For the Anaheim Ducks we pick… coach Bruce Boudreau.
Let’s get one thing straight here before we get rolling: Bruce Boudreau has been a great coach for the Anaheim Ducks.
Ever since he replaced Randy Carlyle behind the bench in Orange County, all he’s done is get things turned in the right direction. In his two-and-a-half seasons, the team has only steadily gotten better under his watch. During the lockout-shortened 2013 season, the Ducks won the Pacific Division and were one of the top teams in the Western Conference. Last season they were the best team in the West in the regular season.
As we know, the playoffs are what pays off and that’s where things have gone bad for the Ducks.

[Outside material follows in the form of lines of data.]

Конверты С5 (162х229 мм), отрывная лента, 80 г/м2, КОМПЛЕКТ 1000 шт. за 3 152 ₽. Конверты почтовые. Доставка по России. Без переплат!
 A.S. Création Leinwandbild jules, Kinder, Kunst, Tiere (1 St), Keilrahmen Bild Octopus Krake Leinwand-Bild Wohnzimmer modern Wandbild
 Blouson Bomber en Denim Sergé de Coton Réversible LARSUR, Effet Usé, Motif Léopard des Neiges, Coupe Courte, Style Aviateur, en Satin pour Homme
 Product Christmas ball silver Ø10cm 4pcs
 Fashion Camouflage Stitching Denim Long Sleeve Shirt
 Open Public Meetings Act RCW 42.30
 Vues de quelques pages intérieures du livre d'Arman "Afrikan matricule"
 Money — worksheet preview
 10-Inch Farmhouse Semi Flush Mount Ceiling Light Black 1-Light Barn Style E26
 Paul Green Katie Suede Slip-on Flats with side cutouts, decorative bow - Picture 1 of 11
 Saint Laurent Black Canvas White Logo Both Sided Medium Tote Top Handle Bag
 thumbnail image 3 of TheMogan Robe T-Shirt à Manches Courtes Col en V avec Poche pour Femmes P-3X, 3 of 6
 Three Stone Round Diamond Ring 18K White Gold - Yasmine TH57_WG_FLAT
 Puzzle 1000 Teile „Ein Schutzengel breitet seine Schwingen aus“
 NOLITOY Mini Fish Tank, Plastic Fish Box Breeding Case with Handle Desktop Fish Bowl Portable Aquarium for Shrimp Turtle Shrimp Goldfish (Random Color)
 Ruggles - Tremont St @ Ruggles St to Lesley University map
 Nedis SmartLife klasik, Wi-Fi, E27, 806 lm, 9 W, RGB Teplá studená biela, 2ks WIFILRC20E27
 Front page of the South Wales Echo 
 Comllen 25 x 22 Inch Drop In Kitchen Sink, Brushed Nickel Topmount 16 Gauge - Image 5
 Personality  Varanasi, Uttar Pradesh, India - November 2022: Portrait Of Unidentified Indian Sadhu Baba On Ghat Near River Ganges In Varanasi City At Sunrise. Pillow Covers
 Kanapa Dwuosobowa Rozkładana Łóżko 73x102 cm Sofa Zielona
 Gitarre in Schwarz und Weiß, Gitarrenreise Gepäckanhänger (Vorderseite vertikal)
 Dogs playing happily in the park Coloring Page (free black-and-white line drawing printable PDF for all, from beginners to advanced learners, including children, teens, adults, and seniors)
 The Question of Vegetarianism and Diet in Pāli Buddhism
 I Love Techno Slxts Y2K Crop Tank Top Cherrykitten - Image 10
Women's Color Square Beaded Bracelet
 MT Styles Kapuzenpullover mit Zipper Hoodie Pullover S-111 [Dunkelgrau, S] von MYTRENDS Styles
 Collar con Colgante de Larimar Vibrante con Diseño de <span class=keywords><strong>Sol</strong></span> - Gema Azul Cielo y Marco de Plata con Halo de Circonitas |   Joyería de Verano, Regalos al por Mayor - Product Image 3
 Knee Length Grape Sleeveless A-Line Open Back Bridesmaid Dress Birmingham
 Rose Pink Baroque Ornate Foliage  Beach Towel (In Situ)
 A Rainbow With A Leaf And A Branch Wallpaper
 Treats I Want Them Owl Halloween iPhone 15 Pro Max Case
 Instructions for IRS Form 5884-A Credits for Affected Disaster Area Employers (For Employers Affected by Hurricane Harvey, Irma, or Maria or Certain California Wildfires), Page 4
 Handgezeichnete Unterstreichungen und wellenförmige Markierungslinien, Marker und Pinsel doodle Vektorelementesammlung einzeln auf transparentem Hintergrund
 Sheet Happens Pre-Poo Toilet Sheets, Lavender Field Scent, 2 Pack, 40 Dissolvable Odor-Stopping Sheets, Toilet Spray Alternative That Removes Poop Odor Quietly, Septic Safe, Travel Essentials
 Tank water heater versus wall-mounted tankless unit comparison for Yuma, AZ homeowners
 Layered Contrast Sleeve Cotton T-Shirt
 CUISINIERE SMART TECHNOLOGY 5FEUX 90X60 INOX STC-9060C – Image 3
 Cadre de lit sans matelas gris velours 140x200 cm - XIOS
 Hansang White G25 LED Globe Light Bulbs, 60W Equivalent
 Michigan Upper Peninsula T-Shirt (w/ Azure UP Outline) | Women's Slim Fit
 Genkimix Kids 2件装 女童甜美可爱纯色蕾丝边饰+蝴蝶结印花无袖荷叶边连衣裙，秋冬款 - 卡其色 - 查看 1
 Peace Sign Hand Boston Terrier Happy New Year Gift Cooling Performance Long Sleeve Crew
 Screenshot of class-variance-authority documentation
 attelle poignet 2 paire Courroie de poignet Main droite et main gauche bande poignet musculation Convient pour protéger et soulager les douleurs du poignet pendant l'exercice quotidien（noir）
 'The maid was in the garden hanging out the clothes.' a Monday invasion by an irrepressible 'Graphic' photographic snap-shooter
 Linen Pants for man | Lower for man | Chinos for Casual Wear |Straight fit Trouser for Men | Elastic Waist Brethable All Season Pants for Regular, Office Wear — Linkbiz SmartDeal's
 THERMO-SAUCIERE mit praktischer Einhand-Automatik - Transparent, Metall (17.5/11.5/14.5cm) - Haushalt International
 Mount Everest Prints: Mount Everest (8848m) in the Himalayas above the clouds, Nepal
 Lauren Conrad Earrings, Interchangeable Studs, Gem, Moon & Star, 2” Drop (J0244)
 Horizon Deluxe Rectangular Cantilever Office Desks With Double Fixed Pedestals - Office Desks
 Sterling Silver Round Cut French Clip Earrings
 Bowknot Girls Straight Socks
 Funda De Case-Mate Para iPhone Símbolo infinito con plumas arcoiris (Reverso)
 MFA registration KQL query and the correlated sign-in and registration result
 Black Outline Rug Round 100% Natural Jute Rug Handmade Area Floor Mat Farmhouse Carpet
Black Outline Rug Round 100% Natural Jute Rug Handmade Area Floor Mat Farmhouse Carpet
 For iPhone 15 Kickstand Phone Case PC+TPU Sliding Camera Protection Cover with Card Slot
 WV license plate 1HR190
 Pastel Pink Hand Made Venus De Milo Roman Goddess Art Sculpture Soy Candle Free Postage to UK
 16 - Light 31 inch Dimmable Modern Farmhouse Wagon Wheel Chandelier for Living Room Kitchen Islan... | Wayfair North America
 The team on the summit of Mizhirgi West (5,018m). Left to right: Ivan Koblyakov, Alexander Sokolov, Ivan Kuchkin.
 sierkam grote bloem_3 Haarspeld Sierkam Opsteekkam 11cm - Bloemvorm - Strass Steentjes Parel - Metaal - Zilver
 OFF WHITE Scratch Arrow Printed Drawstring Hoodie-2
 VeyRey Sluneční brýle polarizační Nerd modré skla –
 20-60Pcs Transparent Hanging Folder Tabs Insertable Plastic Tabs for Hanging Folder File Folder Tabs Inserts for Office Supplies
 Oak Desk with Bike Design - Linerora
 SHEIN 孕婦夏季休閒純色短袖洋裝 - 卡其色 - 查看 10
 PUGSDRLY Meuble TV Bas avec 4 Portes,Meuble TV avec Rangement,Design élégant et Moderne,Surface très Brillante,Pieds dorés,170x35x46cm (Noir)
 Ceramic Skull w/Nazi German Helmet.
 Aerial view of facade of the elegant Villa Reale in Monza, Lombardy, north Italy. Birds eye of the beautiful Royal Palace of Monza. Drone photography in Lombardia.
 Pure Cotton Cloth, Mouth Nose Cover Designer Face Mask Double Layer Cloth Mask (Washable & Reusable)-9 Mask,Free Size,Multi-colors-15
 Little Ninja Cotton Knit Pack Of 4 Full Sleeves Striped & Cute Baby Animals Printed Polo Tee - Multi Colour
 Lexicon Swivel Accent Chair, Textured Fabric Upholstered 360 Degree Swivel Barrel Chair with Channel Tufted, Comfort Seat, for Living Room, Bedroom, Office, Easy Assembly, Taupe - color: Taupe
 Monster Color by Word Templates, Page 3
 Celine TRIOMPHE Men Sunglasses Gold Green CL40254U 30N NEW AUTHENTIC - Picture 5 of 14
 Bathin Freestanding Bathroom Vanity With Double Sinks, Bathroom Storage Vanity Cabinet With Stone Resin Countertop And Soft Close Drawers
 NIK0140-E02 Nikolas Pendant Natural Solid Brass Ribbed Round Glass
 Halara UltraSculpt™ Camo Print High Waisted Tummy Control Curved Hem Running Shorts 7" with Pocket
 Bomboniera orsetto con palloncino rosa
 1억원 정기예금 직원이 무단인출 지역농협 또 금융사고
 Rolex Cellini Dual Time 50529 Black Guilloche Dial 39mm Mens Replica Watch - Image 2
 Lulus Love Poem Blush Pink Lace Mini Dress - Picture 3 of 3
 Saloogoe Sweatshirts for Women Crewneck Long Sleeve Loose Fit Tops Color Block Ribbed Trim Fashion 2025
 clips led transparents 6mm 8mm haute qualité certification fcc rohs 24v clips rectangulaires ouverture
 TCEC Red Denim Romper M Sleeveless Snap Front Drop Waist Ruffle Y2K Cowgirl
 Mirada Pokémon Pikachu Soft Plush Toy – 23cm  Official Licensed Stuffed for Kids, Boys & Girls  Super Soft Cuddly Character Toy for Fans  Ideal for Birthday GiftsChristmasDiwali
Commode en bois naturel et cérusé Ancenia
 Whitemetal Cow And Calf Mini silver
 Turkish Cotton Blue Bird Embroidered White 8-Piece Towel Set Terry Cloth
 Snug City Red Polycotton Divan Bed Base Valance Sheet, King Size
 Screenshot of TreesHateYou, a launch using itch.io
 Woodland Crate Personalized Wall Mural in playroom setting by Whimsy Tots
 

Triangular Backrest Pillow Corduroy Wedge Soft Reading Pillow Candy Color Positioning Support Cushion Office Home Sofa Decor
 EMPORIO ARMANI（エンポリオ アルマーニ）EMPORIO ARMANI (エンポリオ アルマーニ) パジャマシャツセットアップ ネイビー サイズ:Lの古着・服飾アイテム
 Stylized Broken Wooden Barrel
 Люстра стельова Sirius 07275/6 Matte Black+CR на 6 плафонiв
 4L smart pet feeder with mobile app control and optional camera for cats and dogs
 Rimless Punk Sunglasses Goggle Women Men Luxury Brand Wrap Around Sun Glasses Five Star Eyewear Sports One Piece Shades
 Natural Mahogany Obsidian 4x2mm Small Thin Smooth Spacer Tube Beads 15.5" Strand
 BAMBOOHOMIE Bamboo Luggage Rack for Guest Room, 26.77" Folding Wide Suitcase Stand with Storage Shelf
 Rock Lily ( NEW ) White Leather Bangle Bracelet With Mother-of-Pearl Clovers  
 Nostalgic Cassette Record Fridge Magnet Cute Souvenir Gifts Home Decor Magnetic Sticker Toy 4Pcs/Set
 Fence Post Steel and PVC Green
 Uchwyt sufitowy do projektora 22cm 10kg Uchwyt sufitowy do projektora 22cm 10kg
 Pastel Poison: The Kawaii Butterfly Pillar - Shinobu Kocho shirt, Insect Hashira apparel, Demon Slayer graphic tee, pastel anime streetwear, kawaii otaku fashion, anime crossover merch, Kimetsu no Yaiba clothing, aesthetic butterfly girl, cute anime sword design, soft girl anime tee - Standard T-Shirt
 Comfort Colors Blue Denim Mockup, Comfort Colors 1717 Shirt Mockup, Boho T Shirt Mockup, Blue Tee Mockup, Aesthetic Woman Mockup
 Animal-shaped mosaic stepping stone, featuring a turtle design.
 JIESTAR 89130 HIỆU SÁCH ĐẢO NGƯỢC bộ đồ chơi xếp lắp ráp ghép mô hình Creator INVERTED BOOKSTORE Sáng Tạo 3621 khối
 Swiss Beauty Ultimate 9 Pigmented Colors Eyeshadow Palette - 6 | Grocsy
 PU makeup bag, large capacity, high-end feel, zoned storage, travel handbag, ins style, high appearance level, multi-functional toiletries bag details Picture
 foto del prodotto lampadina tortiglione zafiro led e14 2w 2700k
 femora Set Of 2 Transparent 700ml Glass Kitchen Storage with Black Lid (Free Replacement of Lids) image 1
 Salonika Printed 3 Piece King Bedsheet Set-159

Two seasons ago they were bounced out by the seventh seeded Detroit Red Wings in seven games. This past season, they survived the first round against the eighth seeded Dallas Stars in six games only to lose in the second round to their hated rivals – the Los Angeles Kings – in seven.
If the story line about having dominant regular seasons only to come up short in the playoffs sounds familiar for a Boudreau-coached team, just imagine how he feels after his time with the Washington Capitals.
On the upside, it seems like Boudreau hasn’t taken the loss to the Kings as poorly as he did the Caps’ failure against the Montreal Canadiens in 2010, but with great success over the 82-game schedule comes expectations that playoff success will follow. After seeing L.A. win the Cup twice in three seasons, the pressure is even higher for the Ducks to win it again for the first time since 2007.
The Ducks have the talent to compete for the Cup. With Ryan Getzlaf playing like an MVP, Corey Perry scoring goals in bunches, a young defensive corps that will get better each year, and goaltending coming out their ears, everything is lined up to win.
The problem Boudreau has is he’s in a brutal Western Conference where success doesn’t come easily. He has a very good team to work with, but figuring out how to beat the likes of L.A., Chicago, St. Louis, and San Jose is what he’s got to do if he’s going to ever win that elusive Stanley Cup.